As the trail is located within the Dhilba Guuranda-Innes National Park, a park entry fee is payable at the park entry office. The office is located on the main road just before Stenhouse bay.
The trail is best travelled between Autumn and Spring when the weather is cooler. Spring is perhaps the best time as the wildflowers are in bloom
Stenhouse Carpark to Inneston (3.5km)
The trail commences just west of Stenhouse Bay on the Pondalowie Bay Road. There is a small car park on the right just past the National Park depot storage sheds. An original gypsum train carriage is located at the northern end of the car park.
The trail is relatively open as it commences however the bush has regenerated over the past century since the land was cleared for the railway and the trail is soon enclosed by small trees and shrubs. The trail climbs slowly to approximately its mid-point and then descends toward Inneston. Along the trail you may find lengths of the steel rails that replaced the original timber rails that were eaten by white ants.
Inneston Loop (0.5km)
Arrival at Inneston is like walking back in time into a 1913 isolated mining township. Inneston had a population of 150 people and included facilities such as a public hall, butcher, baker, bank and a post office.

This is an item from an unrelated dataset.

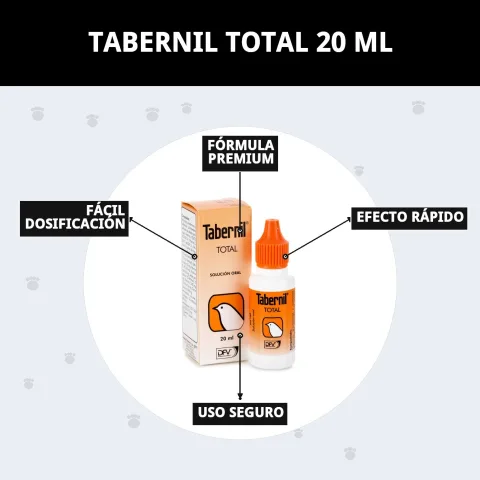 Détail du logo Compa Pattes sur le flacon de TABERNIL TOTAL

It sounds idyllic but these people were very isolated and had to occupy themselves which they did by building a tennis court, cricket oval and other recreational facilities. The great depression of the late 1920s saw a decline in building work and gypsum production ceased leading to the gradual closure of Inneston. Today you can walk around the town and see most of these buildings, or what remains of them, and the seven renovated heritage buildings that now serve as tourist accommodation.
Take time to look at the Gypsum crushing plant on the edge of Inneston Lake. The steel rails of the gypsum train line are still visible next to the crushing plant.
Walk the Yorke
The Thompson Pfitzner Rail Trail forms a small section of the 500km Walk the Yorke trail which follows the entire coast of Yorke Peninsula. The trail is primarily for hikers however there is a cycling trail (on and off road) that follows the Walk the York walking trail. The contact details below will provide information on smaller sections of the trail that are easier to walk and are often the most scenic.
view of Stenhouse Bay from the trail
Inneston Post Office
Inneston Bakey oven
1913 horse drawn gypsum cart
1913 horse drawn tram
old gypsum cart
Pondalowie Bay Road
We acknowledge the Narrungga people (Dilpa clan), the traditional custodians of the land and waterways on which the rail trail is constructed.
Rail line history
The wooden horse drawn railway was built from Inneston to Stenhouse Bay Jetty in 1913 to move gypsum from Inneston to the Stenhouse Bay Jetty for shipping to Adelaide and around Australia. Gypsum rock was mined from the Inneston salt lake and then washed, roasted and ground before being bagged and transported to Stenhouse Bay.
The trail was named after Bill Thompson and Adolf Pfitzner who managed the horses for the railway. Their job was not easy. Derailments occurred due to heavy loads and white ants eating the timber rails. Within a few years, the wooden rails were replaced with steel rails. Modified tractors replaced horses and finally locomotives continued the work.
The trail ceased to operate after the Great Depression in 1930 and native vegetation has gradually returned.